Back when we were planning to move away from Wikia (now Fandom), we renamed the site to "Kaijupedia" and deleted any pages related to non-kaiju media in what was less than elegantly called a "firebombing." The purpose was to prevent the old site from being mistaken for the new one, and to allow the new site to have exclusive content. That was over six years ago now, and none of us stand by that decision anymore. However, I can tell you it had absolutely no impact on Gojipedia. Any "damage" we did was immediately reverted by Wikia itself, and a new staff team were allowed to take over. All of the pages from Godzilla.wikia.com that were ported to Wikizilla.org were done so while the site was still under our jurisdiction, and many of them had been written by us to begin with. Not to mention, almost any page you look at on the site today will not be the same as it was six years ago.
As far as I'm concerned, it's not plagiarism to move our own work to a new location, as has been done by numerous wikis who've split off from corporate hosting services. There is a long line of precedent for this, perhaps most famously TFWiki who cut ties with Wikia all the way back in 2008 and received mainstream media attention in doing so. As Fandom's empire has expanded, including the acquisition of Gamepedia, it's becoming more and more common (see: Terraria.wiki.gg forking from Terraria.fandom.com, Zeldapedia.wiki forking from Zelda.fandom.com, so on and so forth). Wikia's increasingly invasive ads and user-unfriendly practices are what forced our hand at a split.

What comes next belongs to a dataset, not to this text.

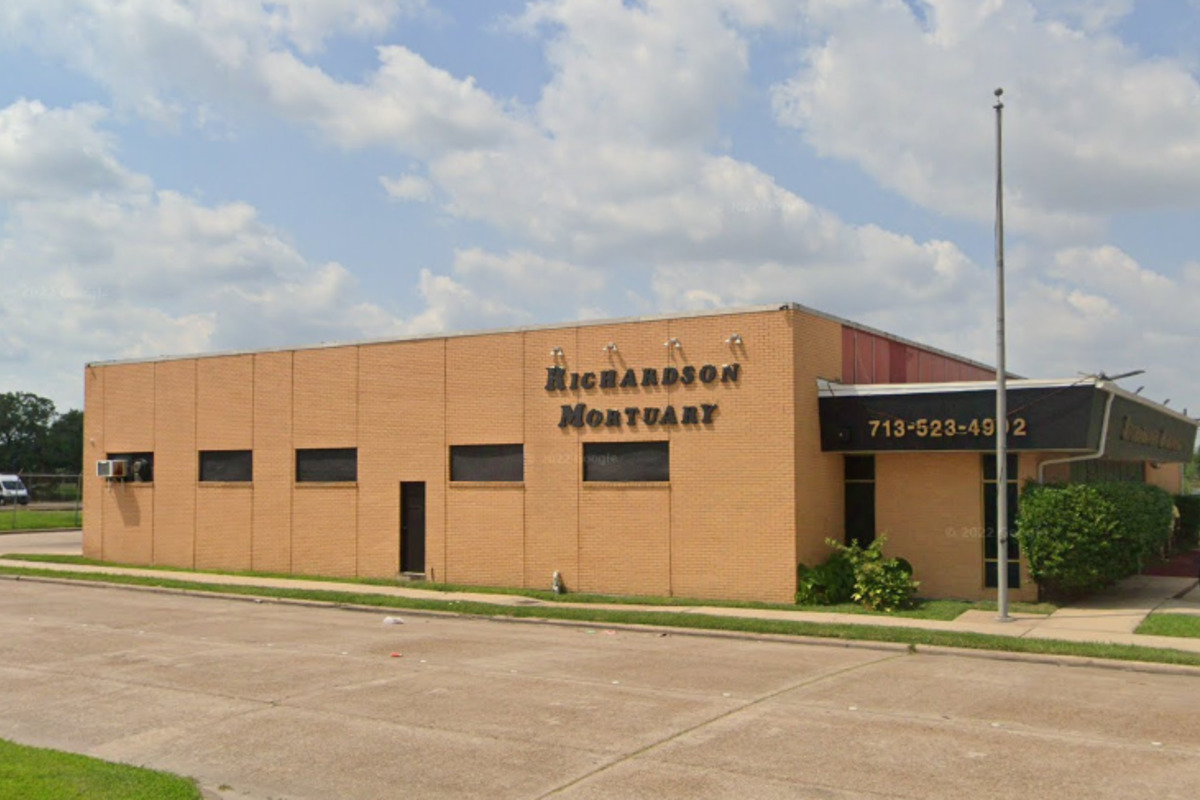 Richardson Mortuary in Houston Ordered to Close Amid Health Violations and Unprofessional Conduct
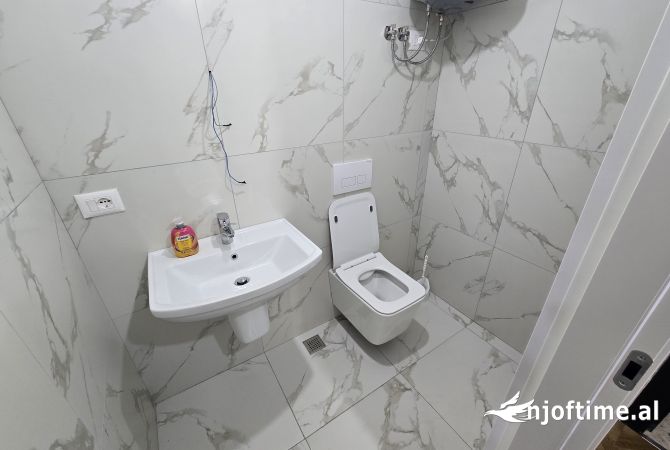 Ambient biznesi me qera 3+1 ne Tirane - 320 Euro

I ultimately don't really care what Gojipedia does, but there is very real plagiarism from our site that gets added there occasionally and isn't reverted until one of our own staff members complains about it. And even then it seems like their staff think we shouldn't be allowed to complain at all because we "stole" pages from a website they didn't own and that the majority of them did not join until years later. All in all, we're really proud of the progress we've made, and what happened in 2016 is not representative of how we feel or operate now. Whatever path Gojipedia takes is up to them, but any notion that we've ever tried to sabotage them is a bold-faced lie.